Committee on Quackery Hides Psychotropic Drug Proliferation

The 1963-1974 American Medical Association Committee on Quackery set out to discredit chiropractors, with the AMA urging its members to lend “their full support to the continuing vigorous attack on medical quackery and to the education program on the cult of chiropractic.”

The AMA recommended that Congress exclude payment for chiropractic services from federally supported health programs. On August 25, 1987, Federal Judge Susan Getzendanner, in U.S. District Court, found the AMA had engaged in an illegal boycott against chiropractors and an injunction against such activity was entered and affirmed by the U.S. Court of Appeals for the 7th Circuit on February 7, 1990.

Chiropractors, of course, do not prescribe drugs.

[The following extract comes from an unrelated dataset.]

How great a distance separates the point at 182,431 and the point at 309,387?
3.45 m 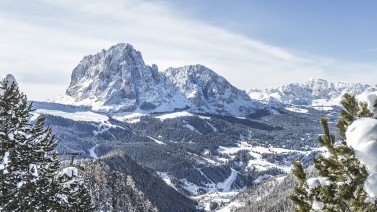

It is not surprising that the AMA — also top heavy with psychiatrists as members — feared chiropractors. By the mid 1970s, 48% of American adults had taken a prescribed psychotropic drug. In 1977 alone, there were 85 million prescriptions for tranquilizers and 5 billion doses of pills, with an estimated 50 deaths related to Valium use alone. In 1970, 150,000 children were prescribed Ritalin, a figure that nearly doubled over the next two years to 250,000.

Cocaine-like stimulants such as Ritalin, now known to cause strokes, heart attacks, psychosis and death, were being handed out like candy for a completely fictitious “mental disorder.” Since then chiropractors and doctors practicing complementary medicine have continued to speak out against psychiatric drug practices.

In 2000, the Drug Enforcement Administration (DEA) revealed the results of studies on both animals and humans who were given cocaine and Ritalin. The test subjects could not tell the difference. The DEA concluded that, “They produce effects that are nearly identical.”

Overdoses from methylphenidate, the primary ingredient in Ritalin, doubled between 2004 and 2005.

By 2006, nearly 7 million Americans abused prescription drugs, including Ritalin — more that the number who abused cocaine, heroin, hallucinogens, Ecstasy and inhalants, combined. In the US, the number of stimulant prescriptions soared from around 5 million in 1991 to nearly 35 million in 2007.

There are thousands of physicians, acupuncturists, holistic psychiatrists, nutritional psychologists, nutritionists, chiropractors, herbalists, and other healers who do not rely upon psychiatric drugs.  Instead we are bombarded with ads that continually shove their message that psychiatric drugs are the solution to all our problems.

In the US today, more than 8 million children have been put on mind-altering psychiatric drugs. Psychiatric drugs can only chemically mask problems and symptoms; they cannot and never will be able to solve problems. The true resolution of many mental difficulties begins, not with a checklist of symptoms, but with ensuring that a competent, non-psychiatric physician completes a thorough physical examination.

While life is full of problems, and sometimes those problems can be overwhelming, it is important for you to know that psychiatry, its diagnoses and its drugs are the wrong way to go.